Claudia Taylor (Lady Bird) Johnson (First Lady)
Born in a country mansion near Karnack, Texas, in 1912, Claudia Alta Taylor received the nickname Lady Bird as a young child. It is as Lady Bird that she is still known today.
Her mother, Minnie Pattillo Taylor, died when she was five and she was reared by her father, aunt and family servants. Claudia learnt much about the business world from her father, Thomas Jefferson Taylor, and studied at the University of Texas where she obtained a bachelors degree in Arts and in Journalism.
In 1934 Claudia met Lyndon Baines Johnson, then a Congressional secretary, and they married in November that same year. For a number of years her life was devoted to her husbands political career, and it was not until 1944 that she gave birth to their first child, Lynda Bird. Three years later the couple welcomed another child, Luci Baines.
In 1960, and for the decade that followed, Claudia once again became heavily involved in her husbands political life. The couple moved to the Whitehouse following Kennedys murder, and she took highly active roles in both her own projects (such as the First Ladys Committee for a More Beautiful Capital) and her husbands war-on-poverty initiatives; particularly the Head Start project for pre-school children.

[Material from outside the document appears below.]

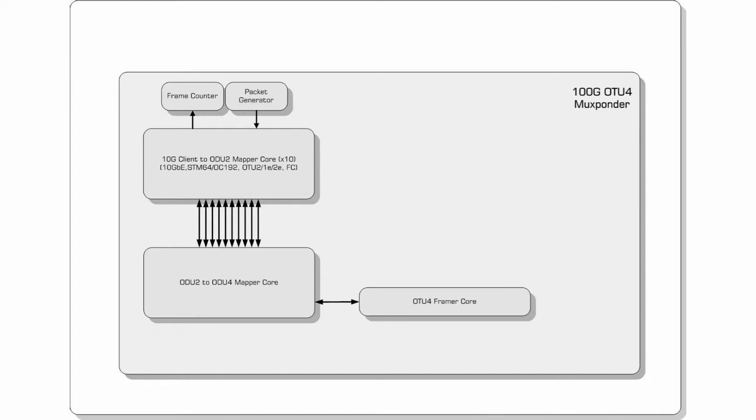The OTU4 framer core provides standard framing, scrambling, detection of errors and adds or drops the overhead.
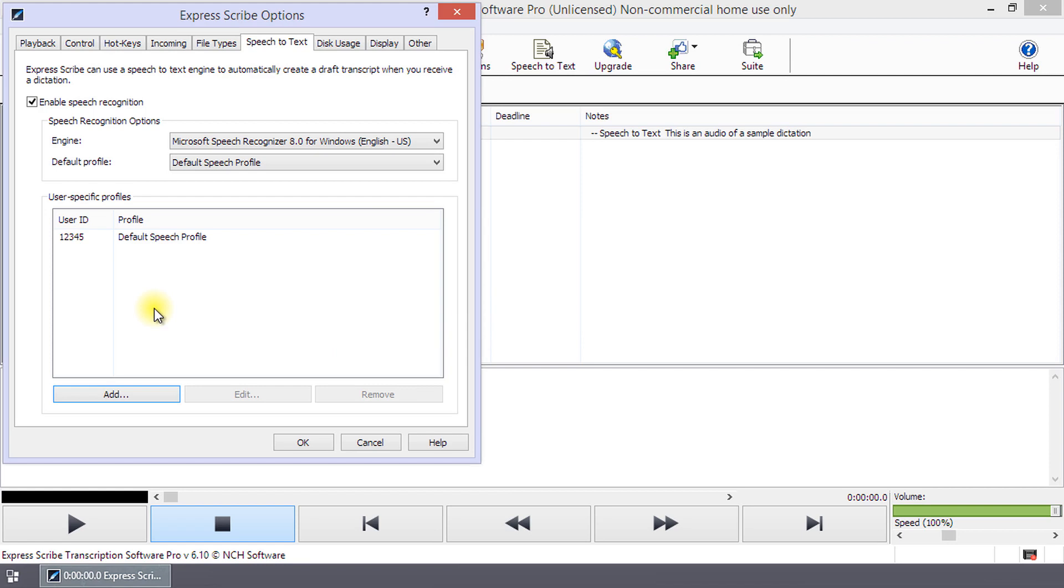You will need to create a new profile for each user using your Speech-to-Text engine. There are many YouTube videos and how-to documents that explain in detail how to create a new speaking profile.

With the end of the Presidential term the couple moved back to Texas, where L.B. Johnson died in 1973. Claudia devoted her life to her husbands memory, her children and grandchildren; as well as continuing to support the many causes dear to her. In 1982 she founded the National Wildflower Research Centre (www.wildflower.org); she continues to support the Lyndon Baines Johnson Library (www.lbjlib.utexas.edu) and serves on the board of the National Geographic Society (www.ngs.org) as a trustee emeritus.